Monday, 3 April 2017

Navient Claims It’s Under No Obligation To Help Student Loan Borrowers

Navient, the largest student loan servicer in the country, is here to simply collect your monthly education loan payments, not help you find ways to more easily afford those payments. 

At least that’s the crux of Navient’s latest filing [PDF] to dismiss a federal lawsuit that accused the company of allegedly cheating borrowers out of repayment rights.

“There is no expectation that the servicer will act in the interest of the consumers,” Navient said in the March 24 filing, adding that courts routinely agree that servicers and lenders “do not owe borrowers any specific fiduciary duties based upon their servicer/borrower relationship.”

This icy argument, notes Bloomberg, is very different from the warm, borrower-friendly sentiment the company (formerly part of Sallie Mae) and its CEO Jack Remondi have long professed publicly.

In fact, in a blog post published just two weeks ago, Remondi talked up Navient’s desire to aid borrowers in getting out of debt.

“At Navient, our priority is to help each of our 12 million customers successfully manage their loans in a way that works for their individual circumstances,” wrote the CEO.

But in last week’s filing, Navient claimed that it simply isn’t being paid enough by the Department of Education to provide such thorough services to borrowers.

The CFPB, along with the attorneys general of Illinois and Washington, sued [PDF] Navient for allegedly cheating borrowers out of repayment rights back in January.

The lawsuit alleges that for years Navient engaged in a series of illegal and deceptive practices, including providing borrowers with incorrect information, processing payments erroneously, and failing to address customers’ complaints.

According to Navient, borrowers could not reasonably rely on Navient to counsel them into alternative payment plans because it simply wasn’t the law.

The company argues that there is no legal basis to prove that there is more than an “arm’s-length relationship” between the servicer and borrowers.

For example, the CFPB points to four statements on Navient’s website that allegedly show borrowers can rely on the company to act in their interests, including that the servicer would “work with” borrowers or “help” them find an affordable repayment option.

Navient claims that these statements — which reached millions of borrowers — do not create a fiduciary-type relationship or obligation.

Additionally, even if the statement had been made to individual borrowers, Navient argues, general pronouncements by a lender or servicer to borrowers that “we can work with you” or “help” do not create a fiduciary relationship.

“If such statements were enough, virtually every lender and loan servicer would be transformed into a fiduciary, which is not the law,” Navient states.

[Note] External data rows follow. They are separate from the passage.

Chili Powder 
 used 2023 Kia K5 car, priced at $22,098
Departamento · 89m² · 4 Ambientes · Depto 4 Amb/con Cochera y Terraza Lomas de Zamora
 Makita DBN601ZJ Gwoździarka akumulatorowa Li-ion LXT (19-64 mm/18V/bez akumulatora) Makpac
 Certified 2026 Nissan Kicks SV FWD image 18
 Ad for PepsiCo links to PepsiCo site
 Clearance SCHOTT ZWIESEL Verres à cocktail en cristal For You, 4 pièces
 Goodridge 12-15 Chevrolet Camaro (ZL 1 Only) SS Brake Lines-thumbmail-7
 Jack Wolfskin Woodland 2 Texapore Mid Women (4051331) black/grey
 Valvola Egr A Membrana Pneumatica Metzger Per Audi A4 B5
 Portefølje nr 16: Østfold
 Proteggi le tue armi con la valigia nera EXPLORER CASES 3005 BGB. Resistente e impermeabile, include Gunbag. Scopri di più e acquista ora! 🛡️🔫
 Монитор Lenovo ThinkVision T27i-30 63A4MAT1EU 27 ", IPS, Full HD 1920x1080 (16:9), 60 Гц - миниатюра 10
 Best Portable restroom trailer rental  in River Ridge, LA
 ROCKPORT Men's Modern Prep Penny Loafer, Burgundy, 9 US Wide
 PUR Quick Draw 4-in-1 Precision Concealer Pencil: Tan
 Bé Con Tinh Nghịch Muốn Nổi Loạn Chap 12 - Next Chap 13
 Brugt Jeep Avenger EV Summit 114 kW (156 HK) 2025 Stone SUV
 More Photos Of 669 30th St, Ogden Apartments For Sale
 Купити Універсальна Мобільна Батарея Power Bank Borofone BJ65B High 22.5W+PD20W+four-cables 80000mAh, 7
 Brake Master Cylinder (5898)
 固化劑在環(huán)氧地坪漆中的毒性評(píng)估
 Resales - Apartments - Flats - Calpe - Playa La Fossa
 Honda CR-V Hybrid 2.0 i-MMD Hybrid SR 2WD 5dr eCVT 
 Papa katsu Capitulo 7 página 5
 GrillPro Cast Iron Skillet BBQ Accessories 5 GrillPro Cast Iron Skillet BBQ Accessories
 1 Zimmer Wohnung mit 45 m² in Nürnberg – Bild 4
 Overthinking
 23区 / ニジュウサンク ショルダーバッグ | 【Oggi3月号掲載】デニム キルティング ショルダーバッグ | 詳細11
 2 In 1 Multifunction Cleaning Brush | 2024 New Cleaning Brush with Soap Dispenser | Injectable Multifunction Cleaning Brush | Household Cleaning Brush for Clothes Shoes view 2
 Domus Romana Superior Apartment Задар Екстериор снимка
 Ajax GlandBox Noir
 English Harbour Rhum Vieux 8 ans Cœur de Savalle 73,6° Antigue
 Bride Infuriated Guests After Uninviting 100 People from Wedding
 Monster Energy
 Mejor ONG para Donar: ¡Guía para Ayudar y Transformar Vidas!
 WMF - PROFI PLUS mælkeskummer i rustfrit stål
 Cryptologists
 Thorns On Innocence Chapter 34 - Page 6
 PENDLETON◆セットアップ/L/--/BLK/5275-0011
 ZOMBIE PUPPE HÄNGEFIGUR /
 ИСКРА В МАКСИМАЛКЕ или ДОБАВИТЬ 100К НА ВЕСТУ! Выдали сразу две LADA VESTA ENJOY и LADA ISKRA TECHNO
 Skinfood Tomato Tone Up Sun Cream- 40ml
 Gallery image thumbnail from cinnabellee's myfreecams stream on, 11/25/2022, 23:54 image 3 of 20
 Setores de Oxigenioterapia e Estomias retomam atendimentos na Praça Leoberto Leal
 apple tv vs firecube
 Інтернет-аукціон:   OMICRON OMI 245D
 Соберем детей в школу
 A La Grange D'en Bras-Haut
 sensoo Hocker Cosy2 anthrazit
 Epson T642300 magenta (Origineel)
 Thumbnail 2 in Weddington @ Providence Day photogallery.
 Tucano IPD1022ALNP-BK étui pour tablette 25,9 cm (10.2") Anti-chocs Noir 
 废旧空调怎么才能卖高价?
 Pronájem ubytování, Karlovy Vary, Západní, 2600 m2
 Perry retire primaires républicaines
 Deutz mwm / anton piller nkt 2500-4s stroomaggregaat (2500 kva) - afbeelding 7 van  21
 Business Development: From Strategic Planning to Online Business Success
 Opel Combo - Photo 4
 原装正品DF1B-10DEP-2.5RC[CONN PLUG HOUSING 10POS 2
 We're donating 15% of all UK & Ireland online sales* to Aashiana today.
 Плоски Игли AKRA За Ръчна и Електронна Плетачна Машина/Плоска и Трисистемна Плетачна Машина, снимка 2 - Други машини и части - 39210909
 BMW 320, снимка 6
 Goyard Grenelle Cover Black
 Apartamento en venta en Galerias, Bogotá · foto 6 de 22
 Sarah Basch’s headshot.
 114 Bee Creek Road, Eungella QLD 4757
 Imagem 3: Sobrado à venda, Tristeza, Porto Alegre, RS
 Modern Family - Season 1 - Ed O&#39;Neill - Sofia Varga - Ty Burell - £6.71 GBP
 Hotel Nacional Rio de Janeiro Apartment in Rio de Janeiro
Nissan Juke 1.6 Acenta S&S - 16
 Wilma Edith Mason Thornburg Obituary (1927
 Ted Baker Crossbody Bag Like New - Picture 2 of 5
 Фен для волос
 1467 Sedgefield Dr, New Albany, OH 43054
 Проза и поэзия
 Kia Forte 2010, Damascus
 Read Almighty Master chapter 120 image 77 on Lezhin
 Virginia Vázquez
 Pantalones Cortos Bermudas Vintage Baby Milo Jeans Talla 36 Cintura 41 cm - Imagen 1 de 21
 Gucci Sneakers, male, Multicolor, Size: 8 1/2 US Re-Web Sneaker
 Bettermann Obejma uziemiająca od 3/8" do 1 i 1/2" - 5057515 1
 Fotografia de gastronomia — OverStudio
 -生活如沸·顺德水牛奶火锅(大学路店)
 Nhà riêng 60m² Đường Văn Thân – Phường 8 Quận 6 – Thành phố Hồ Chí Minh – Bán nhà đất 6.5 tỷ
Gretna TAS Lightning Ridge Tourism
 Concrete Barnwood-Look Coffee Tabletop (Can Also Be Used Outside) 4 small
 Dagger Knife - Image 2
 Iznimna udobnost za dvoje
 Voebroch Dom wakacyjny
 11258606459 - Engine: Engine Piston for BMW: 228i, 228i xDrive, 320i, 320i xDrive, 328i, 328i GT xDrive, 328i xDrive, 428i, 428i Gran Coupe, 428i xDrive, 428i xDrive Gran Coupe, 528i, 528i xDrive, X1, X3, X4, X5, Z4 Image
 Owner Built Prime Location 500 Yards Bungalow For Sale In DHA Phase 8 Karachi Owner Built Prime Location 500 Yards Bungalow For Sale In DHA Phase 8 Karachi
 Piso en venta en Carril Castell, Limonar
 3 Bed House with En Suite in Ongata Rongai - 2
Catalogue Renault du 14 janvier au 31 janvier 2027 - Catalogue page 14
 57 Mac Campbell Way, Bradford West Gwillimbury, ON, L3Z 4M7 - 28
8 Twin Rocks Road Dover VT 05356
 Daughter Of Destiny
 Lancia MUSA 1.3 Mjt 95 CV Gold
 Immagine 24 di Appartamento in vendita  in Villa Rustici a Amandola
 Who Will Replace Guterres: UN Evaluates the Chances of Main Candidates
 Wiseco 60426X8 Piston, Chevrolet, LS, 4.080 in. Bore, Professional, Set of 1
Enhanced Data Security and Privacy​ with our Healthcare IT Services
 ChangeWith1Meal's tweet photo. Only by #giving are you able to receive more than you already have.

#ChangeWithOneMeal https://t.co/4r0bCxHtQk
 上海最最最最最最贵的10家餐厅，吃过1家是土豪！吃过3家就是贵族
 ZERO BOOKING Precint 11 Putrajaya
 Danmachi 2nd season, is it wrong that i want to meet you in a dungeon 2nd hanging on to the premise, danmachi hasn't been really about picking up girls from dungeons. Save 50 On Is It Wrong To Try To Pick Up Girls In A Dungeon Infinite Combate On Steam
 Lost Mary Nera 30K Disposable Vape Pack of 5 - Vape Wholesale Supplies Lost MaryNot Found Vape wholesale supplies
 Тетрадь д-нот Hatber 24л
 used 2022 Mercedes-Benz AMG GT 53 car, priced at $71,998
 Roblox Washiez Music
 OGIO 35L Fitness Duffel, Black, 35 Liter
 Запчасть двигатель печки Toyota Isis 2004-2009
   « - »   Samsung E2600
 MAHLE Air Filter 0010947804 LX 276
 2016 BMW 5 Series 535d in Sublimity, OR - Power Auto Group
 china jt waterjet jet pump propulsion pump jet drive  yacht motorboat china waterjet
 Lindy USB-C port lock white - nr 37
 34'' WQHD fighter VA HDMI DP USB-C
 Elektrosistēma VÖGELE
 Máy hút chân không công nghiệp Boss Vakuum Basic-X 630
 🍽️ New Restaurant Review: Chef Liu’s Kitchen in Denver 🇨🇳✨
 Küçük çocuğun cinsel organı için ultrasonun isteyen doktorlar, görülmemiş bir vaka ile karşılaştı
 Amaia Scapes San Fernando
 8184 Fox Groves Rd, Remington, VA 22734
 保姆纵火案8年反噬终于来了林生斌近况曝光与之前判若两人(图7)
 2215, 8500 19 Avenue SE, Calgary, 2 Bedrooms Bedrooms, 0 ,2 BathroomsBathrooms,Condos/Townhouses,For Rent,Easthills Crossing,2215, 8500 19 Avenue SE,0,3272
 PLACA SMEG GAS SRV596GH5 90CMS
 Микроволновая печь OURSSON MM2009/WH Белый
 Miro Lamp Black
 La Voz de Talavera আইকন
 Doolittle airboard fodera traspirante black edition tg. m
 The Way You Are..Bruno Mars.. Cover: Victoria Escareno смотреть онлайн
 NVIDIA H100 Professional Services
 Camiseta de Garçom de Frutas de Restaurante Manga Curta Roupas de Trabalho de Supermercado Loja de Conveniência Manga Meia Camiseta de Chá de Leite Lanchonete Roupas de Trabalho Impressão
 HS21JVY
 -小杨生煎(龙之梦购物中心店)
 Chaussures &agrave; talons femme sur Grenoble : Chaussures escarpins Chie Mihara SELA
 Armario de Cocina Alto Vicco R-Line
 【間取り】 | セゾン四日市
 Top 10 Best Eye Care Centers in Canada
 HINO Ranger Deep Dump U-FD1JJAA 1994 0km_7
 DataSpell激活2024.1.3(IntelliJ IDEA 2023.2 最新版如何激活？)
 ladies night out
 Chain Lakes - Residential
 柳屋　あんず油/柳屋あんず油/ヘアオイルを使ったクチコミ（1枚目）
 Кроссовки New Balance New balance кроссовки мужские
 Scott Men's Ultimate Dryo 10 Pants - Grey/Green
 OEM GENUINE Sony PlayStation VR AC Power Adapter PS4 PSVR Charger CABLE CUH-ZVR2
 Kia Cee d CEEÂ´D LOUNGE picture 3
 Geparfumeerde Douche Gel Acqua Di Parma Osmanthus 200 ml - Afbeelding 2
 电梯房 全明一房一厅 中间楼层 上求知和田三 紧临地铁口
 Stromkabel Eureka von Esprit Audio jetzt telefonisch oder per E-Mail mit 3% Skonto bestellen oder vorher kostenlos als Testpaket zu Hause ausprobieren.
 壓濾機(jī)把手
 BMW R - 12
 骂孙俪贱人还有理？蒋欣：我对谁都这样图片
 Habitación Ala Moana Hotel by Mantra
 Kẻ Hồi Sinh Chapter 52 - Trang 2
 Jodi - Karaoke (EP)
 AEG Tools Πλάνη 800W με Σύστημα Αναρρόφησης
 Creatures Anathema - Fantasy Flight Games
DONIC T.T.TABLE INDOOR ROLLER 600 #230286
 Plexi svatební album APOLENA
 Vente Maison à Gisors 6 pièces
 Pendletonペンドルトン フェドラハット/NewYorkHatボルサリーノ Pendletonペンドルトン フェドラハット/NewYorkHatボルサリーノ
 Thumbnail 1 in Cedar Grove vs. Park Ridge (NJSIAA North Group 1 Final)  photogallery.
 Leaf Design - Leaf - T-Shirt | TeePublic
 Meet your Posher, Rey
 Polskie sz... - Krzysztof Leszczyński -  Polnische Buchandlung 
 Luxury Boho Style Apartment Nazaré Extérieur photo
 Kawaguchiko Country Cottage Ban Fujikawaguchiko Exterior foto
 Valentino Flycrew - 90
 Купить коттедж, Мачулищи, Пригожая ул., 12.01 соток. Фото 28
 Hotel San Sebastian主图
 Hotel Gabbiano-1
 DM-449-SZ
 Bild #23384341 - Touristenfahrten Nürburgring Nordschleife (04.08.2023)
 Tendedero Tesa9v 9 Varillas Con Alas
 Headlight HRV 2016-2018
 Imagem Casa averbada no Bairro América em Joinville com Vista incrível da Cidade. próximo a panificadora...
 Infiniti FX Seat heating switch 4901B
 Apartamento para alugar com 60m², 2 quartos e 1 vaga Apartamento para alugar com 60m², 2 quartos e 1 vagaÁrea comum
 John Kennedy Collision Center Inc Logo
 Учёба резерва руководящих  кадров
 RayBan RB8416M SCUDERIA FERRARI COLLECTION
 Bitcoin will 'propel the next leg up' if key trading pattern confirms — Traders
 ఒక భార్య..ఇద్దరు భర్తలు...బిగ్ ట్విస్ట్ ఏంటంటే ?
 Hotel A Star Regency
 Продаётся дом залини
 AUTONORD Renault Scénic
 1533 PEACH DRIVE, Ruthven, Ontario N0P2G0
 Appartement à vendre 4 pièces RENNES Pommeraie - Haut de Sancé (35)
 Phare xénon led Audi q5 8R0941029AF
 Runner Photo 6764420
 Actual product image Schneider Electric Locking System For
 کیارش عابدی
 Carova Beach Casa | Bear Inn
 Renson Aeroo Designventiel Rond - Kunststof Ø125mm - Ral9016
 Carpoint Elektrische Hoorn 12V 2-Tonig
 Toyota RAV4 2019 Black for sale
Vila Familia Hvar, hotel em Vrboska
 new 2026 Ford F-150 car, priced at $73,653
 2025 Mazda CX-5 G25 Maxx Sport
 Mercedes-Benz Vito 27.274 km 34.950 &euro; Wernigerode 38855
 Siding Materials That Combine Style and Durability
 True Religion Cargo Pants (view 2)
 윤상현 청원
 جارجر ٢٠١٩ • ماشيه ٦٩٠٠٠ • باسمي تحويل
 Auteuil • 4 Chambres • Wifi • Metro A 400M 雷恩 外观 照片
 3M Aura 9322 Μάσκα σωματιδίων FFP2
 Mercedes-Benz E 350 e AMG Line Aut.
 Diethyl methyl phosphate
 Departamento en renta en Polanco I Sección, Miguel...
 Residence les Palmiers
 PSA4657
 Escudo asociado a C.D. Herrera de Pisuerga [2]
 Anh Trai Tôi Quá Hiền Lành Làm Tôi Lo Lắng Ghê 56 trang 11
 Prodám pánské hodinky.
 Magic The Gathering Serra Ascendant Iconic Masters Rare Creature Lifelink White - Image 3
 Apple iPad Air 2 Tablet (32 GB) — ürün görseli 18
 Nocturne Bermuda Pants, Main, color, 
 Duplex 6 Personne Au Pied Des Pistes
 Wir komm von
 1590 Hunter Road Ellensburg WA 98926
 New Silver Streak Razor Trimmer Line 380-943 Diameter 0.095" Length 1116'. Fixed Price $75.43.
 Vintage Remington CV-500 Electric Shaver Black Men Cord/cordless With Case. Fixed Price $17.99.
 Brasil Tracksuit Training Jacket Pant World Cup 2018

Consumer advocates quickly took issue with Navient’s filing, saying it ranks amongst the most appealing statements they’ve heard.

“What this means for the Education Department is that it needs to fire Navient,” David Bergeron, former deputy assistant secretary of Education and director of the Office of Postsecondary Education at Dept. of Education.

Rohit Chopra, the former assistant director and student loan ombudsman at the CFPB, tells Bloomberg that he’s never heard a loan servicer argue it wasn’t their obligation to provide borrowers with options.

“When consumers call their servicers, they’re not expecting them to withhold information,” Chopra said.